KalselMedia – Kebijakan pemerintah menaikkan Pajak Pertambahan Nilai (PPN) menjadi 12 persen pada 2025 menuai berbagai tanggapan negatif dari para ekonom. Langkah ini dinilai akan memperburuk daya beli masyarakat, terutama dari kalangan kelas menengah dan bawah, yang sudah tertekan oleh kondisi ekonomi yang belum pulih sepenuhnya.
Peneliti CELIOS, Galau D. Muhammad, memproyeksikan bahwa kenaikan PPN akan meningkatkan pengeluaran rumah tangga kelas menengah hingga Rp4,25 juta per tahun. Ia menjelaskan bahwa meskipun kenaikan tarif hanya satu persen, dampaknya pada harga barang dan jasa dapat mencapai lima hingga sembilan persen.
“Kenaikan ini tidak hanya membebani kelas menengah, tetapi juga masyarakat miskin yang pendapatannya rata-rata Rp500.000 per bulan. Mereka harus menanggung pengeluaran tambahan hingga Rp100.000 per bulan. Bansos yang ada saat ini tidak cukup untuk menutupi kenaikan tersebut karena jumlah dan waktu pemberian yang terbatas,” ujar Galau.
Ia juga menyoroti bahwa kebijakan ini akan memaksa masyarakat untuk mengurangi konsumsi barang non-esensial, seperti hiburan dan perjalanan, yang berpotensi memperlambat pertumbuhan ekonomi.
Galau menambahkan bahwa situasi ini diperburuk oleh penurunan omzet UMKM hingga 60 persen pada 2024. Hal ini mencerminkan pelemahan daya beli masyarakat yang dapat memicu kontraksi lebih lanjut pada sektor-sektor ekonomi lain.
“Harga barang di pasar sudah mulai naik sebelum kebijakan ini berlaku. Hal ini menunjukkan bahwa pengusaha telah menyesuaikan diri lebih awal, sehingga rumah tangga hanya mampu memenuhi kebutuhan primer. Industri yang sebelumnya mampu bertahan akan menghadapi tekanan yang lebih besar,” jelasnya.
Ekonom CORE Indonesia, Muhammad Faisal, menyarankan agar pemerintah memberikan insentif khusus kepada kelas menengah untuk meringankan beban mereka. Ia mengusulkan keringanan biaya listrik hingga 50 persen untuk daya 2.200 VA dan bantuan bagi pelaku UMKM.

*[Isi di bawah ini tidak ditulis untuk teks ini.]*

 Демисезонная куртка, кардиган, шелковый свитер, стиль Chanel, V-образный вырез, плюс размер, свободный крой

“Namun, insentif tersebut harus diberikan dalam jangka waktu yang lebih panjang. Selain itu, pemerintah juga perlu membantu meningkatkan pendapatan masyarakat dengan membuka akses pasar bagi UMKM,” katanya.

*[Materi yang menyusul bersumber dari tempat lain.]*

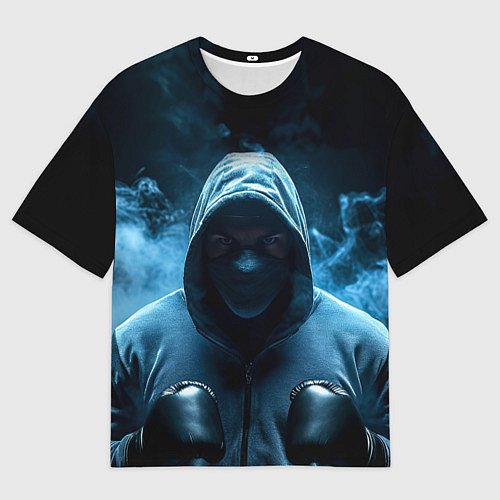 Мужская футболка оверсайз Боксер в дыму / 3D-принт – фото 1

Sementara itu, Ekonom Next Policy, Yusuf Wibisono, menilai kebijakan kenaikan PPN sebagai “jalan pintas” untuk menutup stagnasi penerimaan pajak dalam satu dekade terakhir.
“Kenaikan tarif PPN hanya memberikan kontribusi tambahan sebesar tiga persen dari PDB sejak 2021. Namun, biayanya terlalu tinggi karena akan melemahkan daya beli, memicu inflasi, dan meningkatkan kesenjangan,” ungkap Yusuf.
Para ekonom sepakat bahwa kenaikan PPN menjadi 12 persen perlu dibatalkan. Selain tidak memberikan manfaat signifikan terhadap penerimaan negara, kebijakan ini juga dinilai regresif karena beban pajak yang lebih besar akan ditanggung oleh masyarakat miskin dibandingkan kalangan kaya.
“Kebijakan perpajakan seperti ini harus lebih adil. Pemerintah perlu fokus pada alternatif lain untuk meningkatkan pendapatan negara tanpa membebani masyarakat yang rentan,” tutup Yusuf.